Woodland’s military history
One of the areas that the Woodlands Heritage Trail delves into is the area’s rich military past. From the 1920s, Woodlands became an area of military significance as the Causeway formed a connection between Singapore and Malaya.
Military installations along the trail include the art-deco inspired building of the administration block of former KD Malaya, a Malaysian naval base that occupied the area from the 1950s to 1997. This administration block is one of the remaining buildings of the former KD Malaya, while the rest of the base has since been demolished in 2021.
At the nearby Woodlands Waterfront Park, the former Malaysian Base Jetty for KD Malaya, offers panoramic views of Johor strait. The mooring anchors, originally used for mooring naval ships, now serve as seats, and the storage shed is now in use as a restaurant, with the hoisting equipment inside preserved.
There is also a clear view of the causeway, which opened in 1924, and served as an important site during World War II.
It was blown up in 1942 when the last Allied defenders crossed Malaya into Singapore to prevent the Japanese from crossing into Singapore, and was eventually rebuilt and expanded over the years to the causeway seen today.
A short bus ride away is Kranji War Cemetery, a former burial ground for a prisoner-of-war camp expanded into a resting place for over 4,400 fallen Allied soldiers who died in Singapore and Malaya.
Beside Kranji War Cemetery is Kranji State Cemetery, where Singapore’s first president, Yusof Ishak, and second president Benjamin Sheares are buried.
Woodland’s past Kampong communities
Another area that the trail introduces is the different religious institutions and community landmarks that originated in Woodlands and continue to serve residents today.
These religious institutions include the two temples, Hong Tho Bilw and Shang Di Miao Chai Kong, established in the 1940s and 1930s respectively. The temples were originally situated at Kampung Hock Choon, a farming village in Woodlands and Kampong Lorong Kechil, formerly at the site of Singapore Turf Club.
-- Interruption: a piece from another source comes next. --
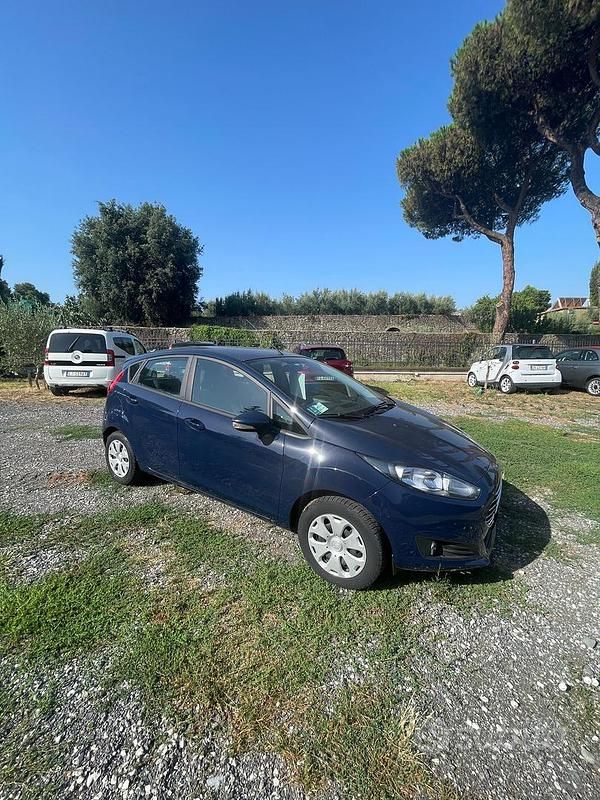 Blu Usata 2014 Ford Fiesta Business Edition Due volumi | 5999 € (Buon prezzo) - Immagine 1/4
Visitors may access the locations via foot, bicycle or public transport.
The map and companion guide can be downloaded from NHB’s heritage portal while limited printed copies of the guide are available at Marsiling Community Club, Fuchun Community Club, ACE THE Place Community Club, Woodlands Galaxy Community Club, Woodlands Community Club, the National Museum of Singapore, Asian Civilisations Museum, and NHB’s headquarters at Stamford Court.
A video of highlights of the Woodlands Heritage Trail can also be viewed on Roots SG’s Youtube channel.